Updating node security certificates

You might need to update your TLS certificates if your current node certificates expire soon, you’re adding new nodes to your secured cluster, or a security breach has broken the trust of your certificate chain. Use the SSL certificate API to check when your certificates are expiring.

In instances where you have access to the original Certificate Authority (CA) key and certificate that you used to sign your existing node certificates (and where you can still trust your CA), you can use that CA to sign the new certificates.

If you have to trust a new CA from your organization, or you need to generate a new CA yourself, you need to use this new CA to sign the new node certificates and instruct your nodes to trust the new CA. In this case, you’ll sign node certificates with your new CA and instruct your nodes to trust this certificate chain.

Depending on which certificates are expiring, you might need to update the certificates for the transport layer, the HTTP layer, or both.

Regardless of the scenario, Elasticsearch monitors the SSL resources for updates by default, on a five-second interval. You can just copy the new certificate and key files (or keystore) into the Elasticsearch configuration directory and your nodes will detect the changes and reload the keys and certificates.

Because Elasticsearch doesn’t reload the elasticsearch.yml configuration, you must use the same file names if you want to take advantage of automatic certificate and key reloading.

If you need to update the elasticsearch.yml configuration or change passwords for keys or keystores that are stored in the secure settings, then you must complete a rolling restart. Elasticsearch will not automatically reload changes for passwords stored in the secure settings.

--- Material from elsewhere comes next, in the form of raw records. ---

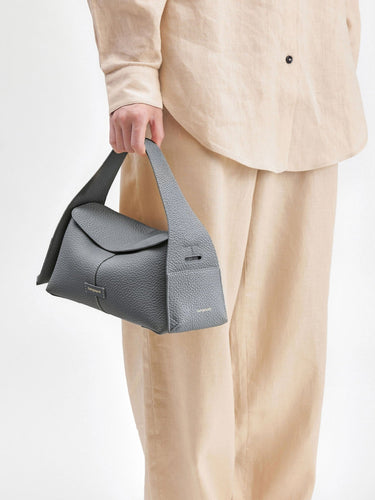 Grey full-grain leather Small Drippy Roof Bag with tan linen outfit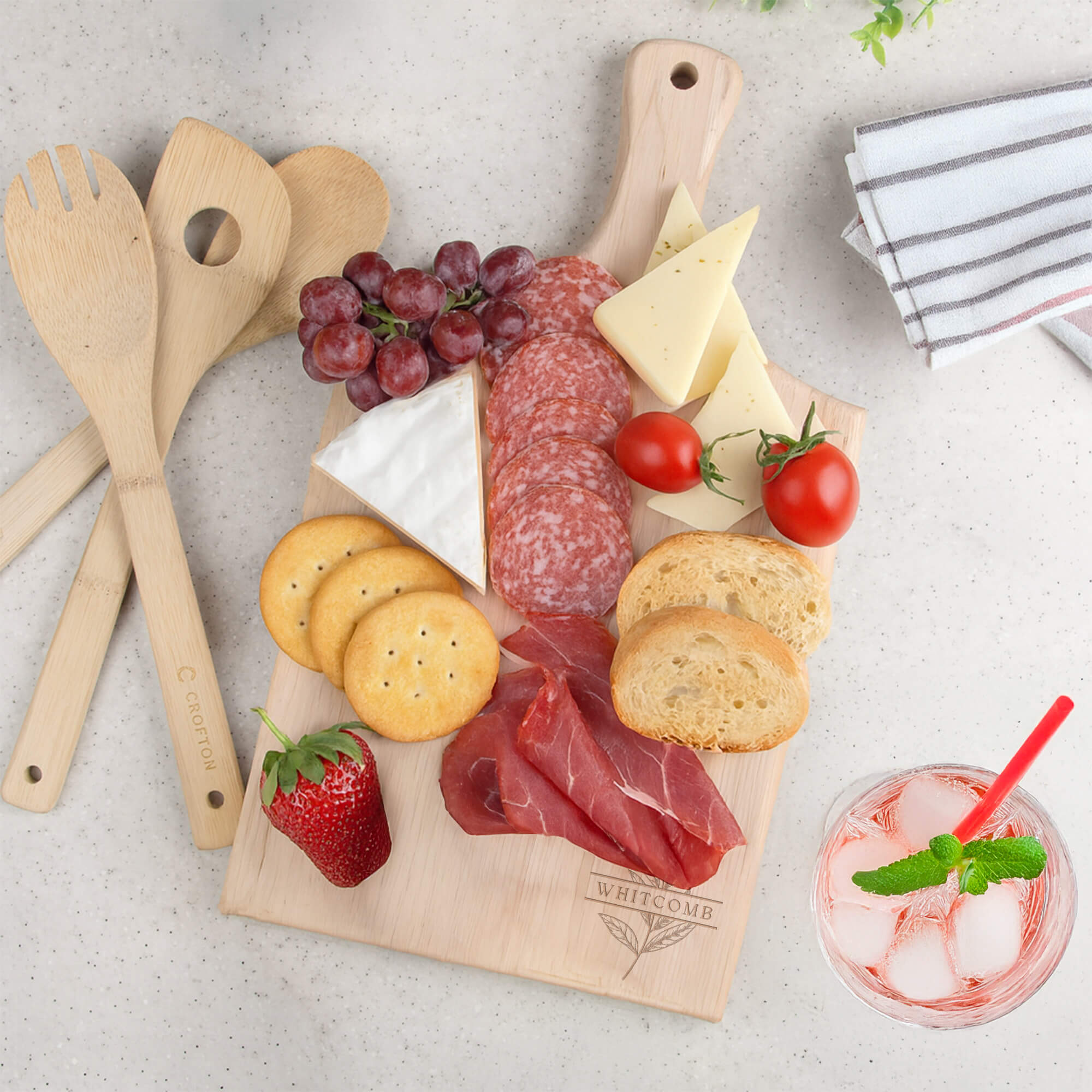 Personalized paddle cutting board engraved with “Whitcomb” and a botanical leaf design, used as a charcuterie board with meats, cheese, and fresh fruit.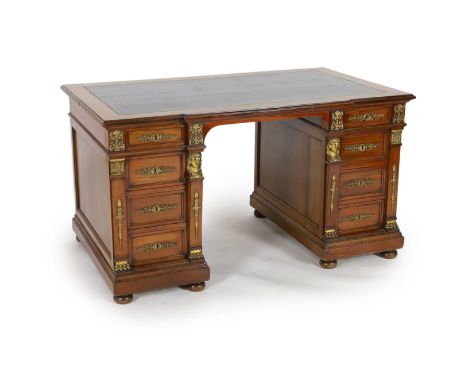 An early 20th century French classical revival mahogany breakfront pedestal desk, with dark green leather skiver and four gra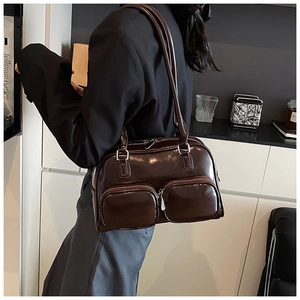 Detail of dark brown glossy patent leather shoulder bag with two front zipper pockets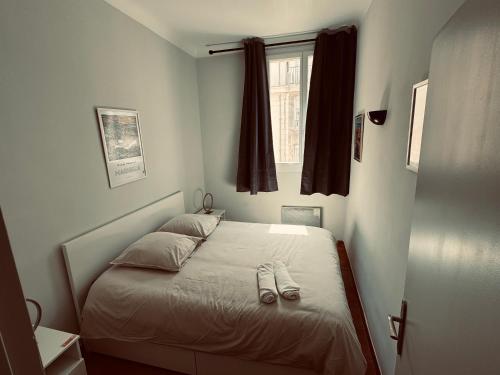 una camera da letto con un letto e un paio di pantofole sopra di Appartement au coeur du Vieux-Port a Marsiglia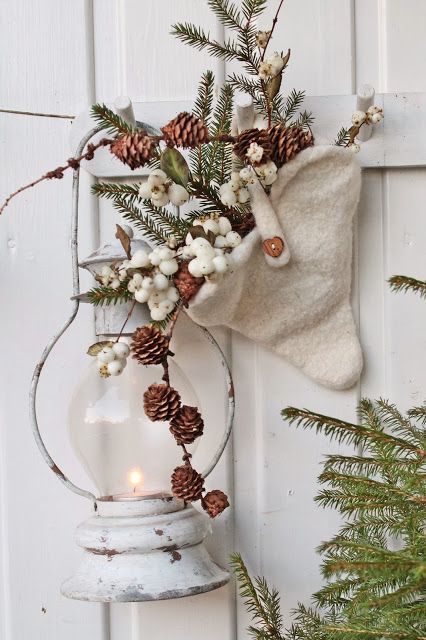 a lantern, a white cone with berries, fir branches with pinecones for delicate and chic vintage rustic decor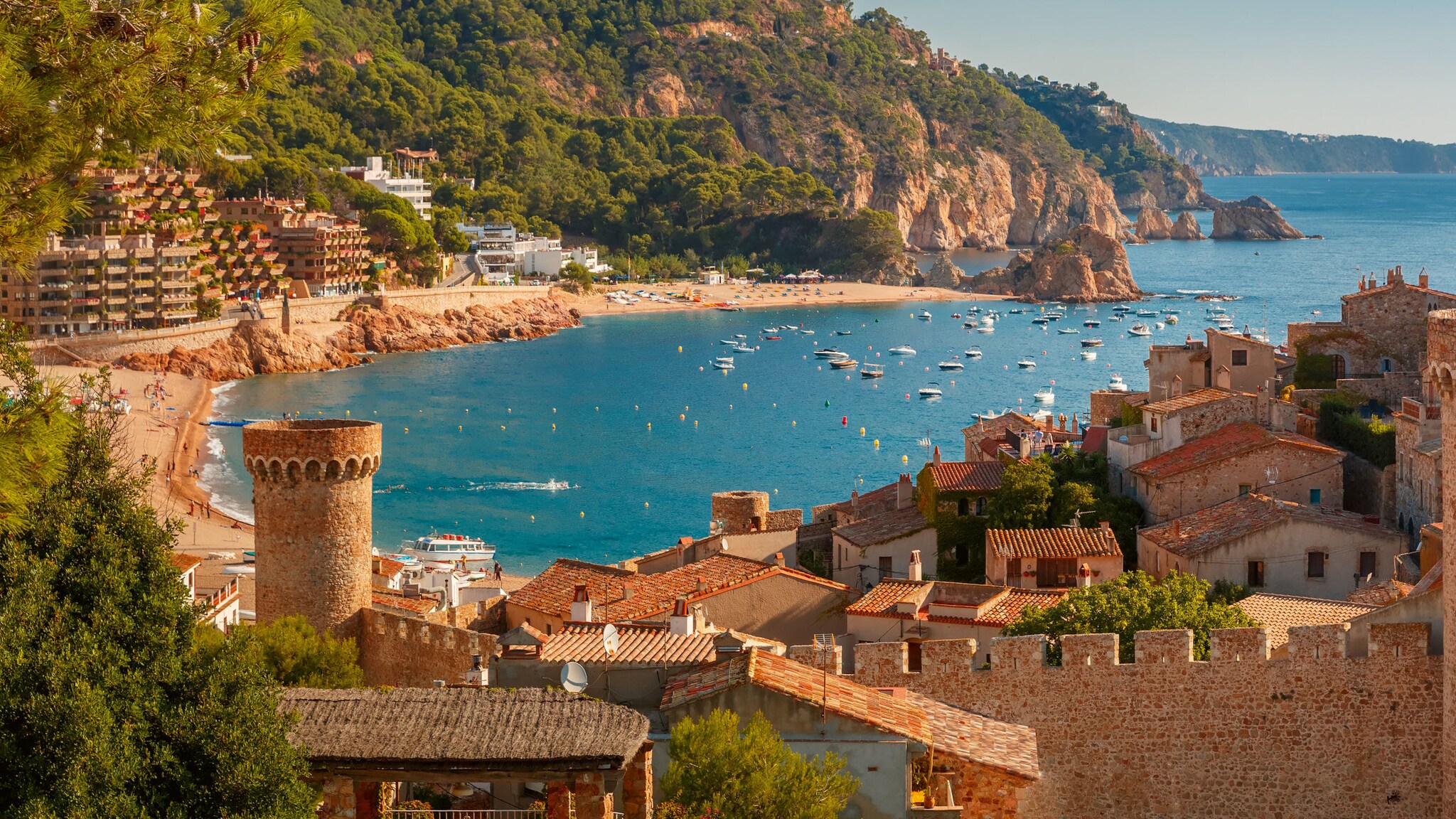 Bucht in Spanien mit goldenem Strand, Boote auf dem blauen Wasser, grün bewachsenen Felsen und traditionellen alten Steinhäusern im Vordergrund.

Rolling restarts are preferred

While it’s possible to do an in-place update for security certificates, using a rolling restart on your cluster is safer. An in-place update avoids some complications of a rolling restart, but incurs the following risks:

  • If you use PEM files, your certificate and key are in separate files. You must update both files simultaneously or the node might experience a temporary period where it cannot establish new connections.
  • Updating the certificate and key does not automatically force existing connections to refresh. This means that even if you make a mistake, a node can seem like it’s functioning but only because it still has existing connections. It’s possible that a node will be unable to connect with other nodes, rendering it unable to recover from a network outage or node restart.